(Beginning of Exercise material)
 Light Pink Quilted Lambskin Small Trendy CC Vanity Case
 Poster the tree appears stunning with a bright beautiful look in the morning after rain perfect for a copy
(End of Exercise material)
(Beginning of Exercise material)
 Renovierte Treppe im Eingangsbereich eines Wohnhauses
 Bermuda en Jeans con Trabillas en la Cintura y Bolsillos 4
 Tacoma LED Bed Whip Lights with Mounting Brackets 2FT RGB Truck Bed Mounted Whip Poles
(End of Exercise material)
(Beginning of Exercise material)
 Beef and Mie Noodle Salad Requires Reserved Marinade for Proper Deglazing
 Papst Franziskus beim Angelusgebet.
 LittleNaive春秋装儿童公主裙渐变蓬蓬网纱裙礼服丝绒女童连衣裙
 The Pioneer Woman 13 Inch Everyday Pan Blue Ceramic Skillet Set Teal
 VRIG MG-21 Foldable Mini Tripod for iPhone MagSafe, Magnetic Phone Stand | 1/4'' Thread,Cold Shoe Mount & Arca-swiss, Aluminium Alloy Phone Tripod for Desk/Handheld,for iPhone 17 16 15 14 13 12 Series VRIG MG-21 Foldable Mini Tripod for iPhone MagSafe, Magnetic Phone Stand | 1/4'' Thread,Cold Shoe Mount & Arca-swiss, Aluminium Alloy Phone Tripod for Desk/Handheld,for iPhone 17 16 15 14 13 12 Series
(End of Exercise material)
◆ Exercise instructions: Every line above in which the word "with" is present must be copied into the answer.

◆ Solved exercise:
 Poster the tree appears stunning with a bright beautiful look in the morning after rain perfect for a copy
 Tacoma LED Bed Whip Lights with Mounting Brackets 2FT RGB Truck Bed Mounted Whip Poles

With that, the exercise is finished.